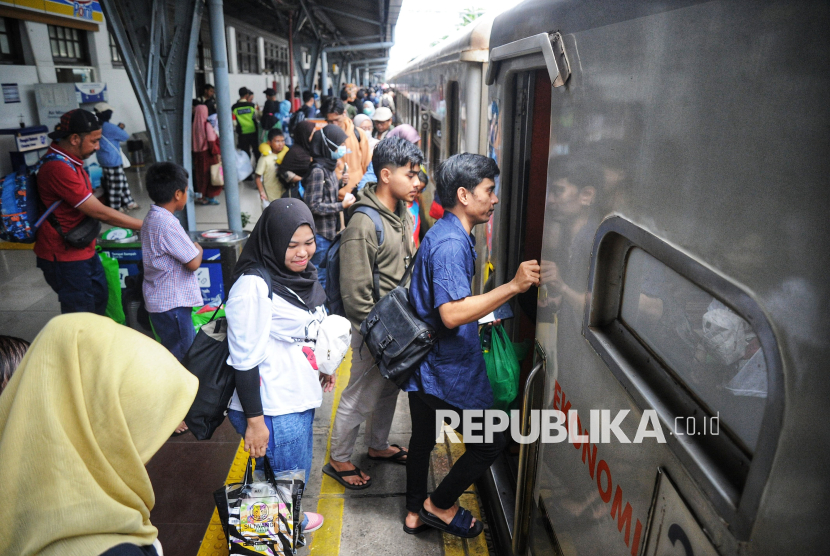 Sejumlah penumpang bersiap memasuki kereta api jarak jauh di Stasiun Pasar Senen, Jakarta Pusat, Ahad (26/1/2025).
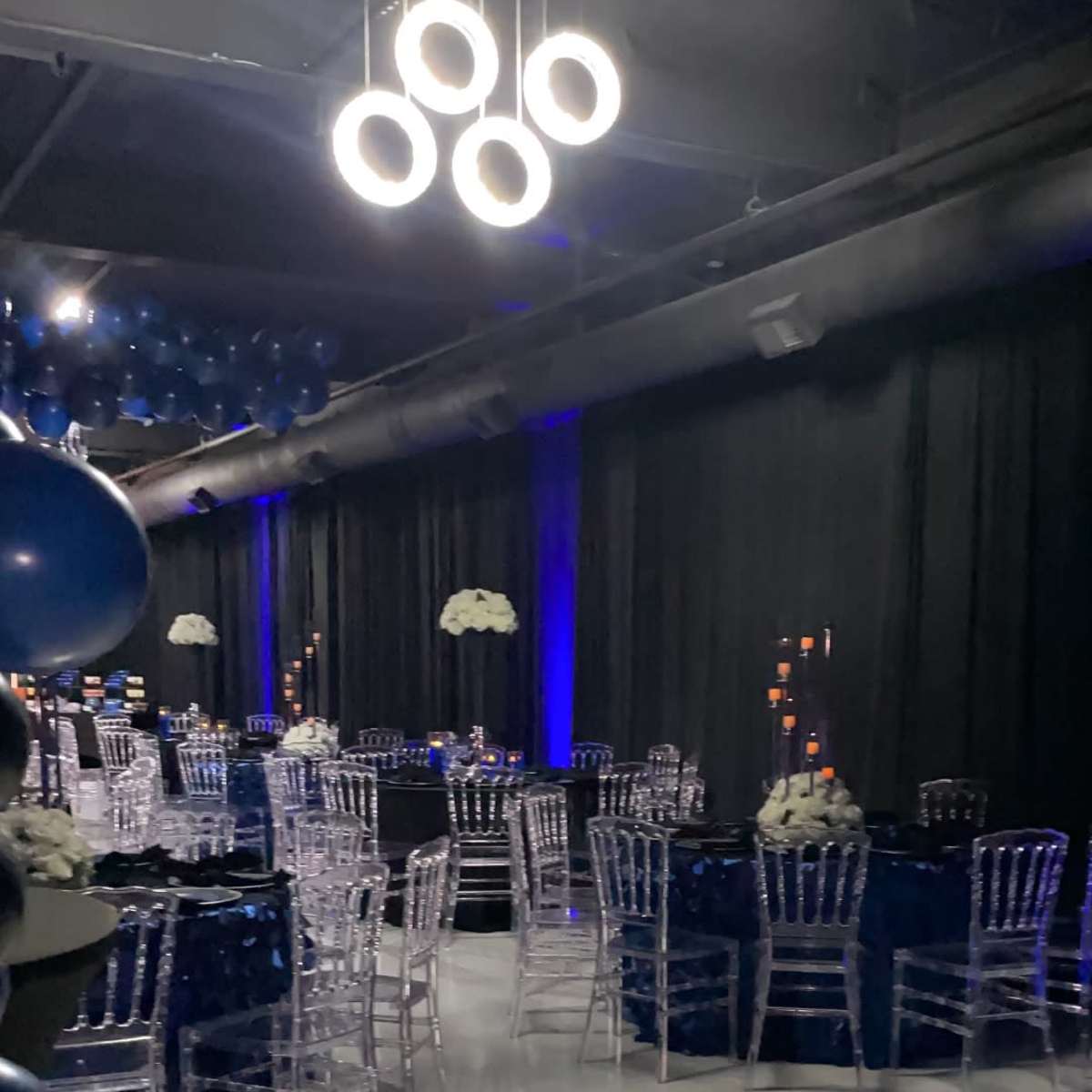 A decorated event space features elegant tables with dark tablecloths, clear chairs, and blue balloons overhead.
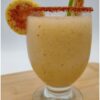 Vaso con bebida congelada frutal con borde de chile y rodajas de fruta como decoración.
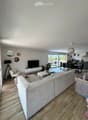 Bright, modern living room with large windows and a balcony. Features a grey sectional sofa, coffee table, armchair, and a dining area with a table and chairs.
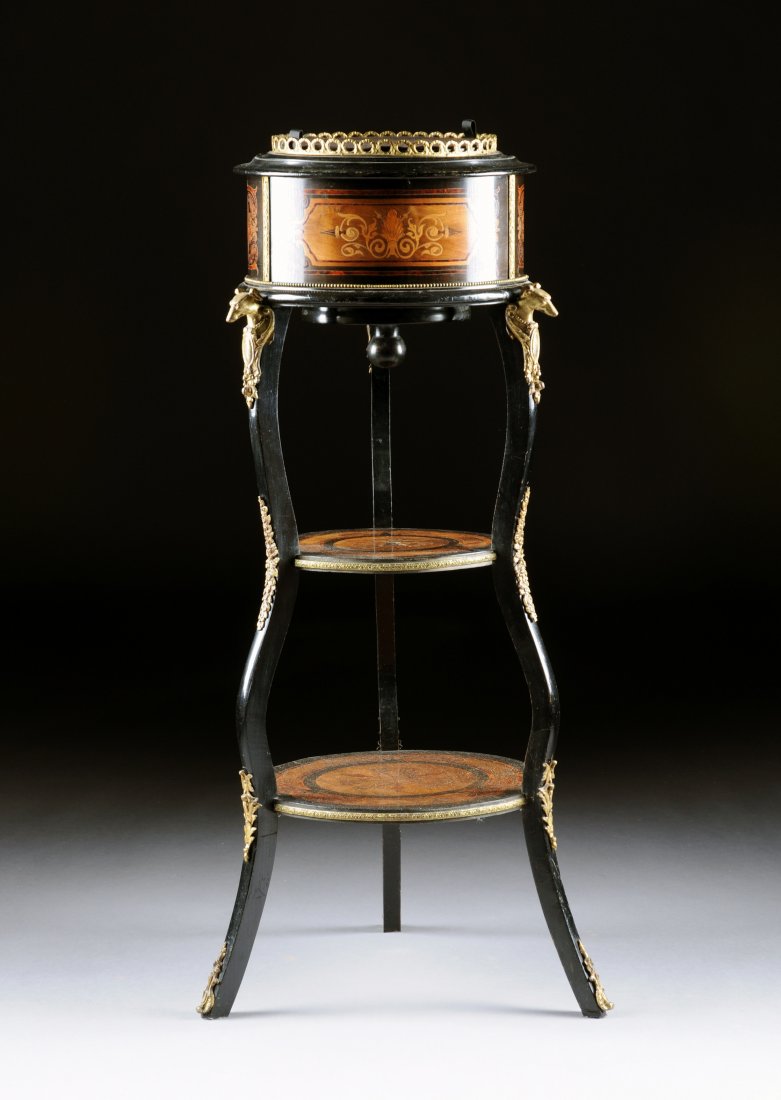 A VICTORIAN GILT BRASS MOUNTED EBONIZED AND EXOTI: A VICTORIAN GILT BRASS MOUNTED EBONIZED AND EXOTIC WOOD INLAID PEDESTAL JARDINIÈRE, 1880'S, the pierced circular galleried top enclosing a removable lid revealing a tole planter above sides centering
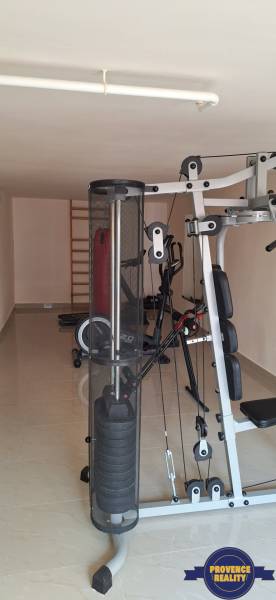 Luxusný rodinný dom s bazénom a dvojgarážou v Komárne - Fitness miestnosť s posilňovacími strojmi v rodinnom dome má svetlý keramický povrch.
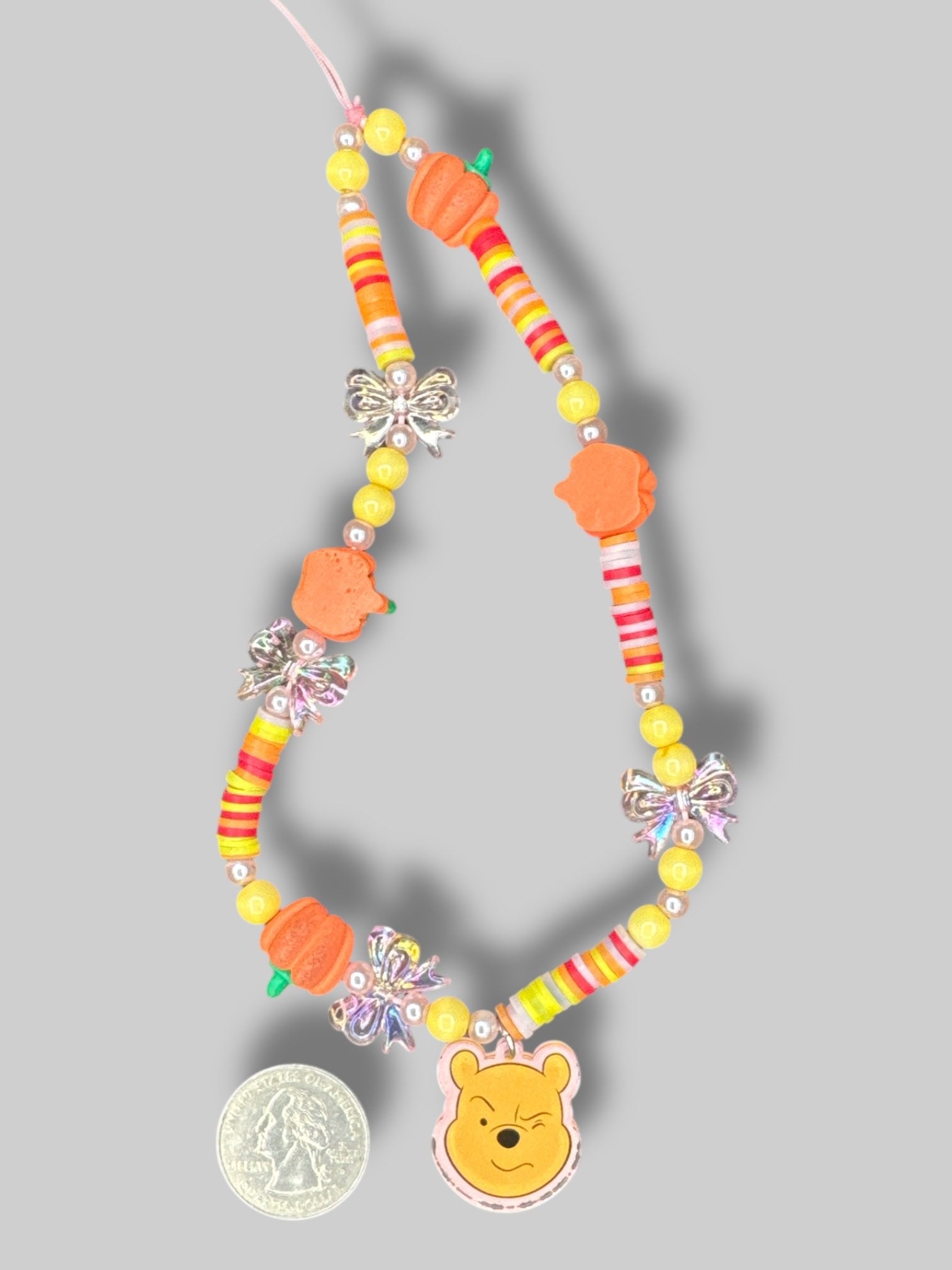 6” by 2.5” Winnie the Pooh phone case with charm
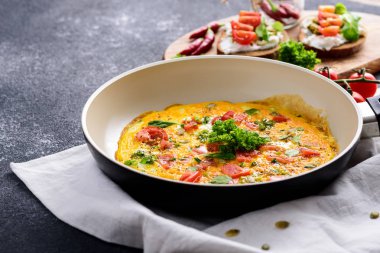 koyu bir arka plan üzerinde domates ve yeşillik ile bir tavada omlet, sağlıklı vegan Kahvaltı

****************************************

#### Activity:
Print exactly, and only, the lines from the one with "A VICTORIAN GILT BRASS MOUNTED EBONIZED AND EXOTI: A" through the last line of the listing above. No pictures belong in the copy.

#### Output of the task:
 A VICTORIAN GILT BRASS MOUNTED EBONIZED AND EXOTI: A VICTORIAN GILT BRASS MOUNTED EBONIZED AND EXOTIC WOOD INLAID PEDESTAL JARDINIÈRE, 1880'S, the pierced circular galleried top enclosing a removable lid revealing a tole planter above sides centering
 Luxusný rodinný dom s bazénom a dvojgarážou v Komárne - Fitness miestnosť s posilňovacími strojmi v rodinnom dome má svetlý keramický povrch.
 6” by 2.5” Winnie the Pooh phone case with charm
 koyu bir arka plan üzerinde domates ve yeşillik ile bir tavada omlet, sağlıklı vegan Kahvaltı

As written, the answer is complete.